- [Required action]
Starting with the line where "Over fit stripe ad embroidery shirts - pink" appears, print every line through the end of the entries below exactly as it stands, and leave out the pictures.

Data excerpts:
################

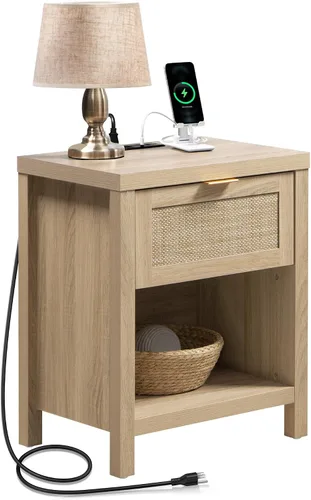 Miniatura 8 de SICOTAS Juego de 2 mesitas de noche negras con estación de carga, mesita de noche de ratán con cajón, moderna mesita de noche con puertos USB y tipo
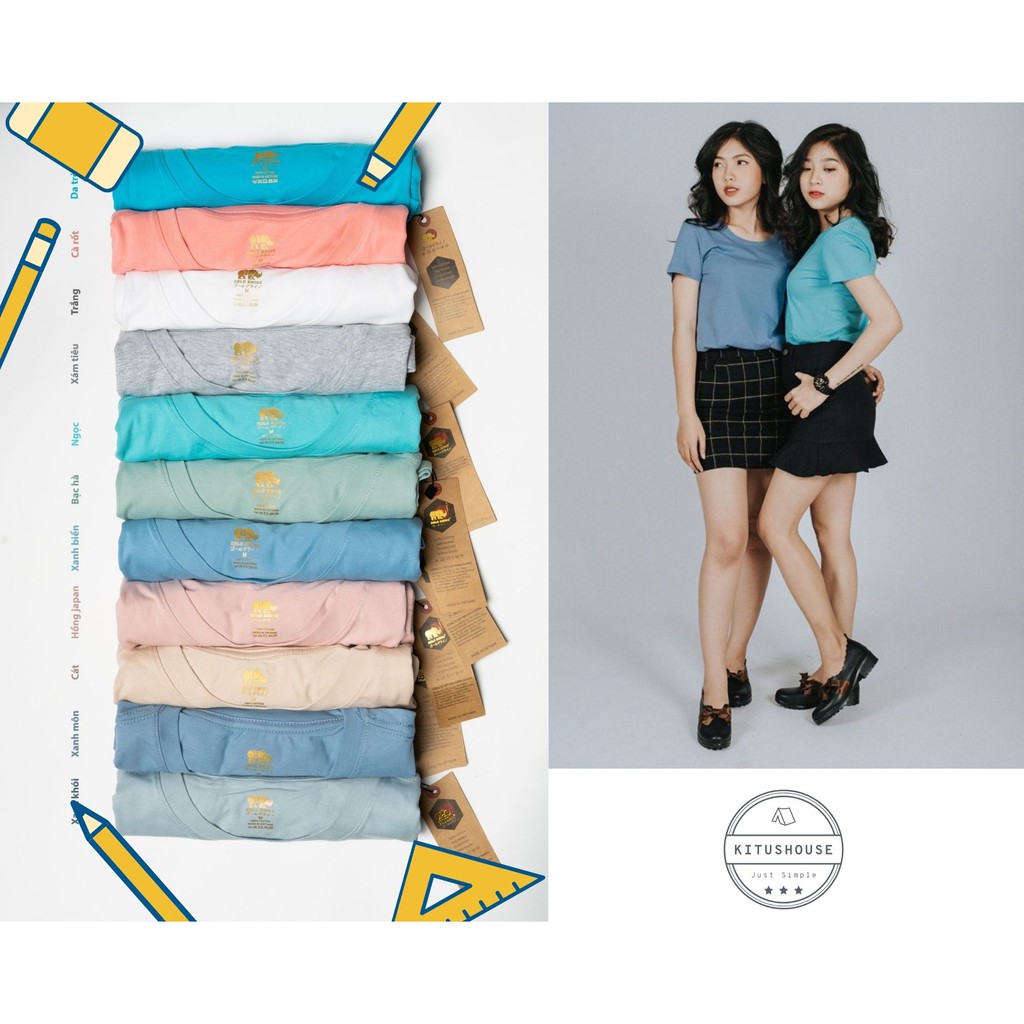 Áo phông NỮ - NHIỀU MÀU trơn Gold Rhino cao cấp, hàng xuất khẩu - FORM CÓ EO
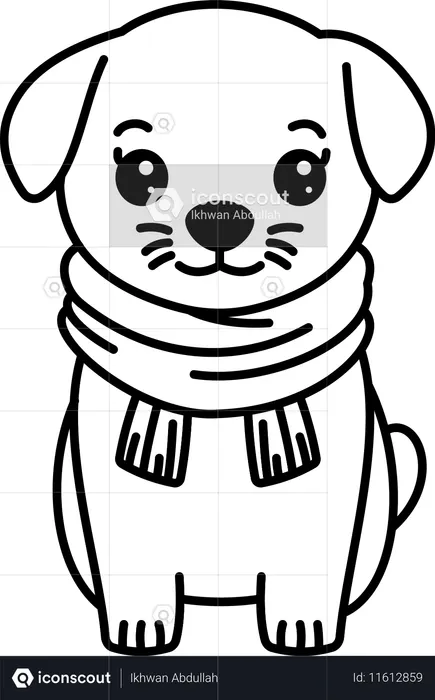 Cute Pet Wearing Scarf  Illustration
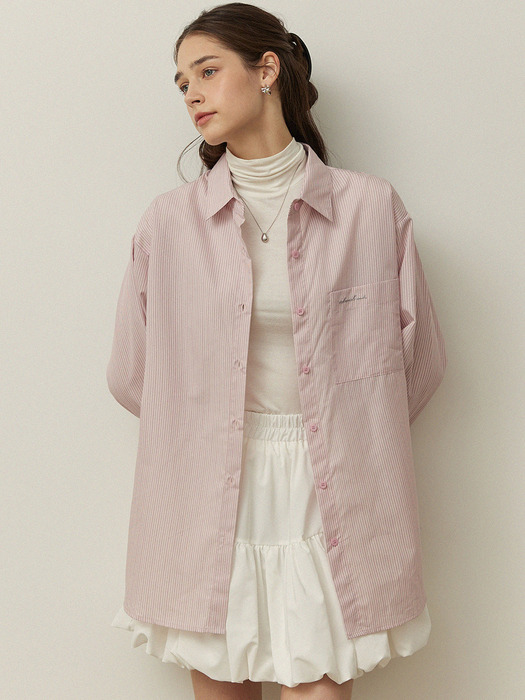 Over fit stripe ad embroidery shirts - pink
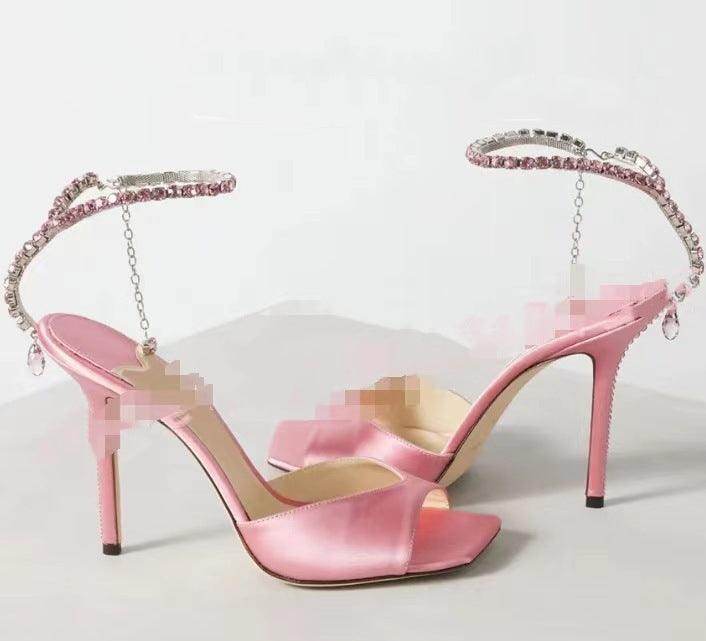 Glitter and Rhinestone Ankle Strap Square Stiletto Heels 695399992506 - COCOMELODY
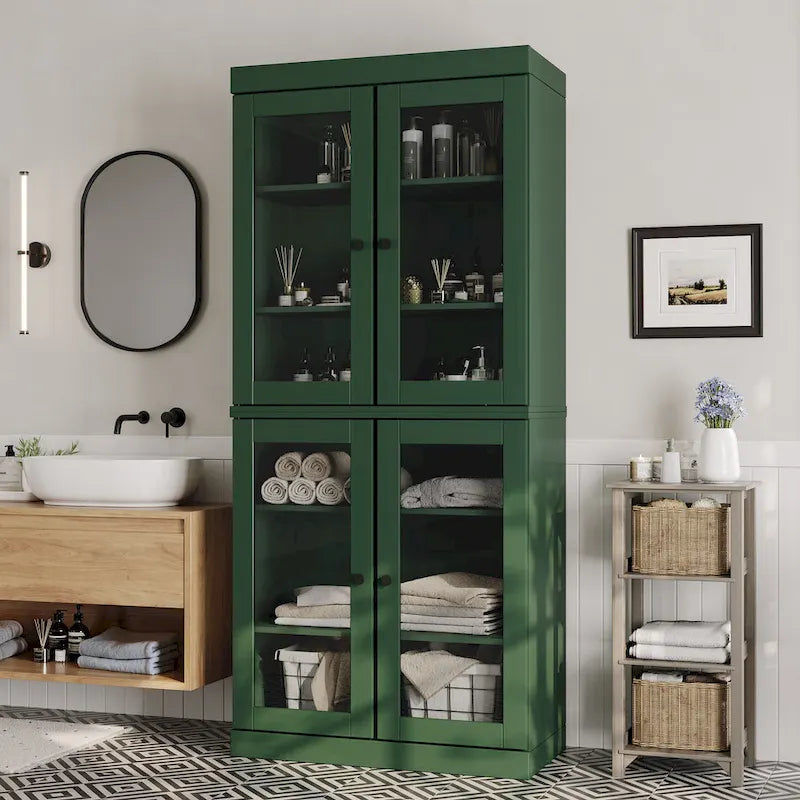 100% Solid Wood 32  Bathroom Cabinet with Optional Doors by Palace Imports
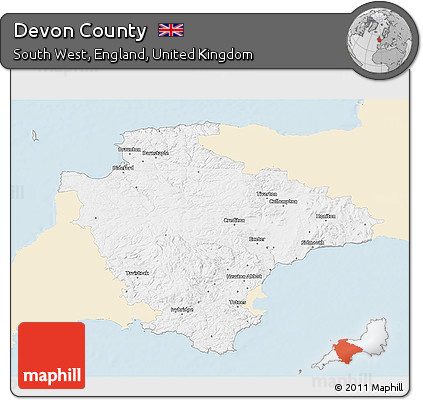 Classic Style 3D Map of Devon County, single color outside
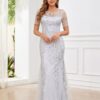Sequin Mother of The Bride Dresses for Wedding Long Tulle Mermaid Formal Evening Gown with Sleeves - Image 4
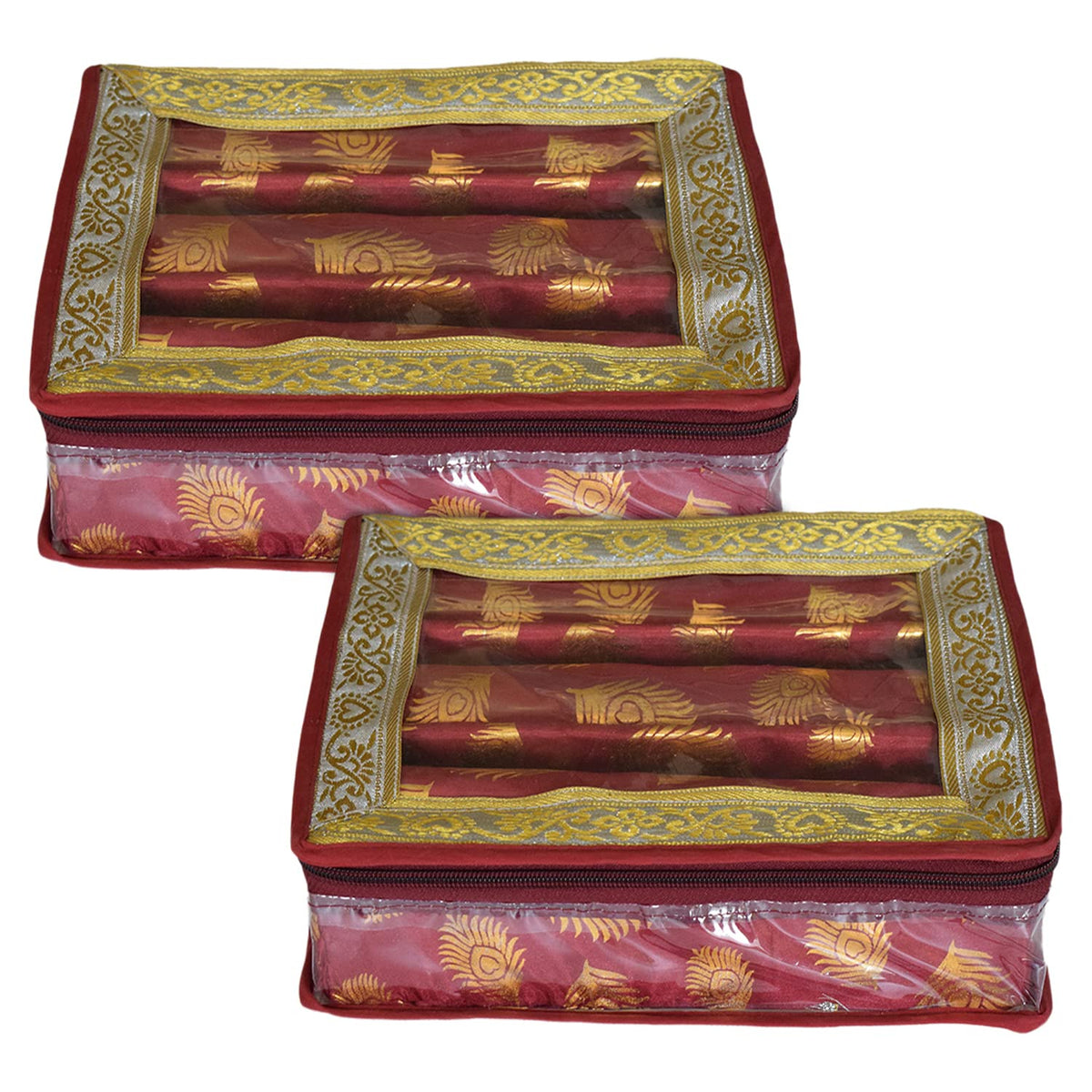 Heart Home Multipurpose Feather Design Laminated 3 Rod Bangle Box/Organizer/Case With Tranasparent Top - Pack of 2 (Maroon)-47HH0203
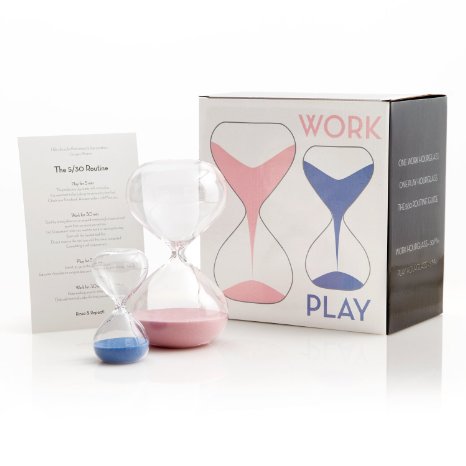 30 & 5 Minute Gravity Hourglasses - Time Management Set - Rose Quartz and Serenity Blue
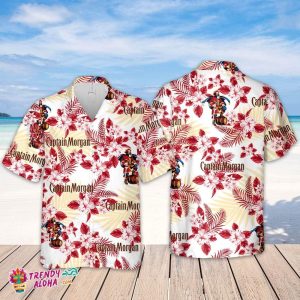 Captain Morgan Hawaiian Flowers Pattern Shirt, Hawaiian Beer Lover Shirt, Classic Flowers Beer KLA Shirt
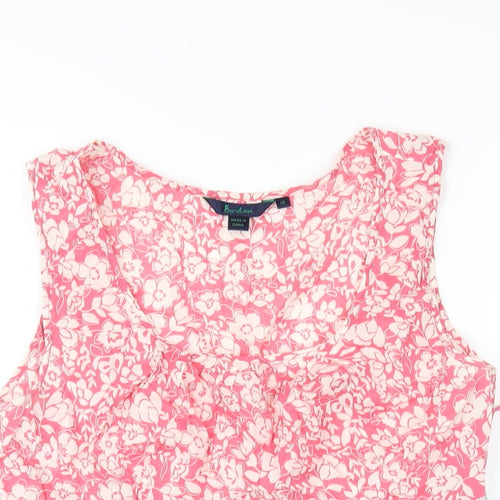 Boden Womens Pink Geometric Cotton Basic Tank Size 12 Scoop Neck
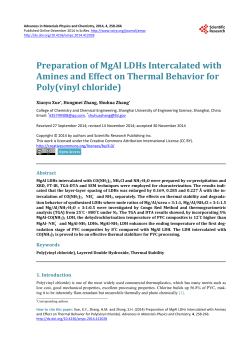 Preparation of MgAl LDHs Intercalated with Amines and Effect on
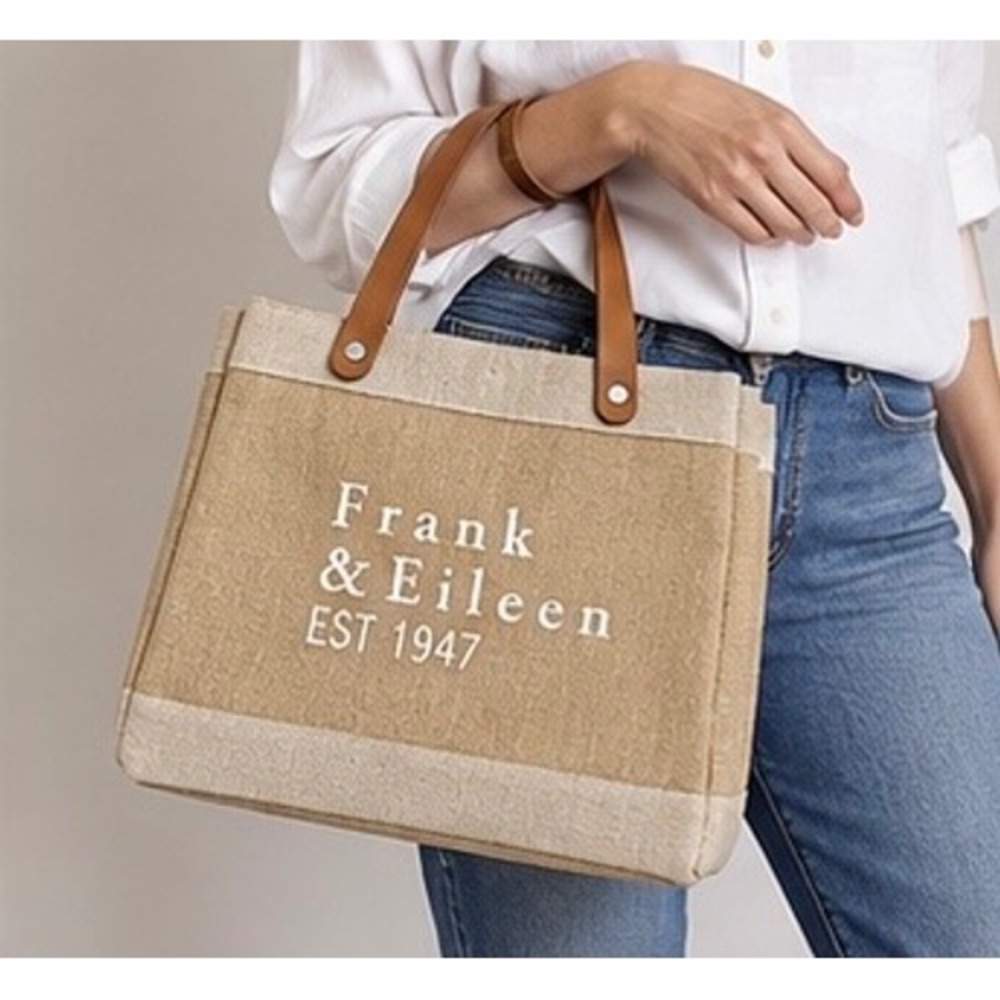 Frank & Eileen x Apolis Market Bag Jute Tote Leather Handles Tan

################

- [Exercise solution]
 Over fit stripe ad embroidery shirts - pink
 Glitter and Rhinestone Ankle Strap Square Stiletto Heels 695399992506 - COCOMELODY
 100% Solid Wood 32  Bathroom Cabinet with Optional Doors by Palace Imports
 Classic Style 3D Map of Devon County, single color outside
Sequin Mother of The Bride Dresses for Wedding Long Tulle Mermaid Formal Evening Gown with Sleeves - Image 4
 Heart Home Multipurpose Feather Design Laminated 3 Rod Bangle Box/Organizer/Case With Tranasparent Top - Pack of 2 (Maroon)-47HH0203
 30 & 5 Minute Gravity Hourglasses - Time Management Set - Rose Quartz and Serenity Blue
 Captain Morgan Hawaiian Flowers Pattern Shirt, Hawaiian Beer Lover Shirt, Classic Flowers Beer KLA Shirt
 Boden Womens Pink Geometric Cotton Basic Tank Size 12 Scoop Neck
 Preparation of MgAl LDHs Intercalated with Amines and Effect on
 Frank & Eileen x Apolis Market Bag Jute Tote Leather Handles Tan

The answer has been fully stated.